National, then International
In 1989, under the leadership of Professor Raymond W. Smilor, the Moot
Corp Program held its first national competition. MBA teams from Harvard,
Wharton, Carnegie Mellon, Michigan and Purdue joined Texas in the
competition. MBAs and faculty advisors alike were enthusiastic about the
Moot Corp experience, and the following year Dr. Smilor invited three
prestigious business schools from outside the United States to
participate. In 1990, the London Business School, Lyon Graduate School of
Business (France), and Bond University (Australia) were represented, and
approximately the same cast of universities competed in 1991 and 1992. In
the summer of 1992, Dr. Smilor resigned from The University of Texas at
Austin to become Director of the Kauffman Foundation Center for
Entrepreneurial Leadership.
Going Global and Increasing Impact
Having been involved with the Moot Corp Program since its inception,
having once co-taught the Moot Corp course with Ken Knight, and having
been an entrepreneur, Gary M. Cadenhead, Ph.D. was a natural choice to
succeed Ray Smilor.
Since becoming Director of the Moot Corp Program in September 1992, Dr.
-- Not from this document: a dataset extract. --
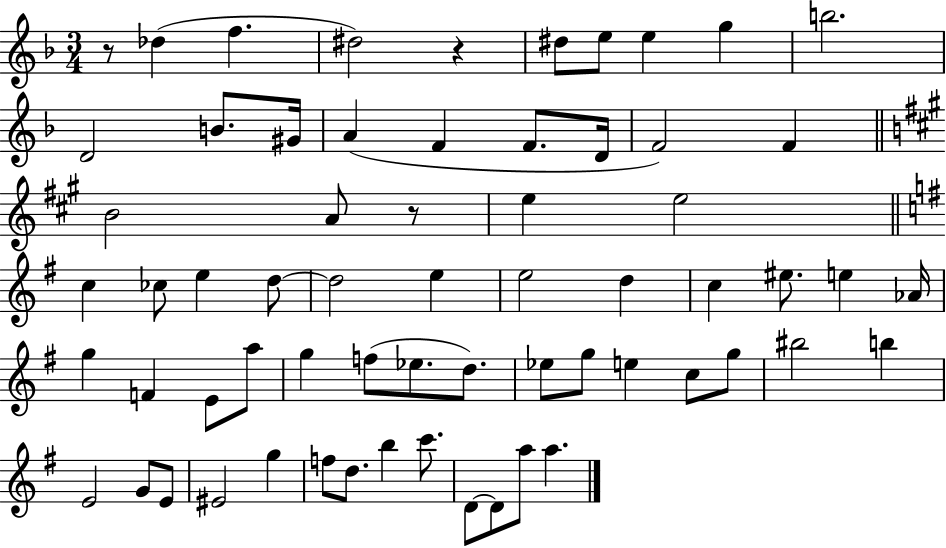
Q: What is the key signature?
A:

Cadenhead has transformed it into a global program; deepened and broadened
the participation from American business schools; and formalized the
sharing of ideas for improving entrepreneurship education among the
participating faculty.
The Competition in 1992, the last before Dr. Cadenhead became Director,
involved 11 universities: eight from the United States and one each from
Great Britain, France and Australia. To have a greater and more
significant impact on both entrepreneurship education and the reputation
of UT Austin’s entrepreneurship program, the number of participating
universities had to grow. The initial American strategy had been to invite
only universities with top-twenty MBA programs. This strategy had two
shortcomings: it excluded universities with outstanding entrepreneurship
programs in lower-ranked business schools; and it excluded MBAs from
unranked schools who might have outstanding new venture proposals.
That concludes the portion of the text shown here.